Respect the West - Community Action Portal: The West Kicks Up A Stink

The West Kicks Up A Stink

News that serial internation polluter the Huntsman Group are closing down their stench-producing Brooklyn plant at the end of the year, has been met with mixed feelings. Around 300 jobs will be lost in a major blow to unemployment in the west, an area where unemployment is already well above the national average. Concern on jobs is balanced by the positives that a major polluter and ageing infrastucture and associated risk of catasrophe will disappear.

Yarraville’s “On the Nose” group have also reported a small but imortant victory, as reported in “The Star”

Abattoir penalty ‘victory’
By Charlene Gatt
8th September 2009

YARRAVILLE’S On the Nose Group has claimed a minor victory after the former director of a Brooklyn abattoir and meat processing company was fined $80,000.

Former Tasman Group Services director Pierre Gilbert Cabral has pleaded guilty to leaving waste water containing animal effluent in the company’s stormwater drains, where it could have drained into, and polluted, Stony Creek in November 2006.

No conviction was recorded.

In a hearing earlier this year, the Tasman Group was ordered to pay $200,000 for environmental projects, plus $30,000 in costs to the EPA for similar charges. The EPA took court action after the company failed to comply with a notice.

“EPA can and will prosecute such individuals if its investigations find that an offence has occurred, and this case shows that they may face a substantial financial cost as a result,” EPA spokesman Bruce Dawson said.

Swift Australia bought out the Tasman Group in March 2008.
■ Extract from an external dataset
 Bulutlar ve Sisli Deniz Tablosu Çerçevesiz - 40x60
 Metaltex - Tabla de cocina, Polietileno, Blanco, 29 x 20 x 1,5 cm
The fine comes shortly after residents kicked up a stink because a fire at meat processing company Australian Tallow caused an outbreak of foul smells in Brooklyn and Altona North.

Yarraville’s On the Nose Group has previously said fines against offending Brooklyn companies were few and far between.

But at a Brooklyn Community Reference Group meeting earlier this year, the group agreed that the EPA should stop focusing on fines and take an “enforceable undertakings” approach, where offending companies would have a time-line to fix a problem area.

Months on from the decision, On the Nose spokesperson Bruce Light is concerned the new resolution is not making any headway.

“We want to know what enforceable undertakings have been issued,” he said. “The piles of dust have just grown higher, the companies are stinking more and more. We’re fed up. We’ve had a gutful of it.”

The Brooklyn reference group will meet on 16 September to discuss dust issues in the area, and will have a full meeting on 18 November.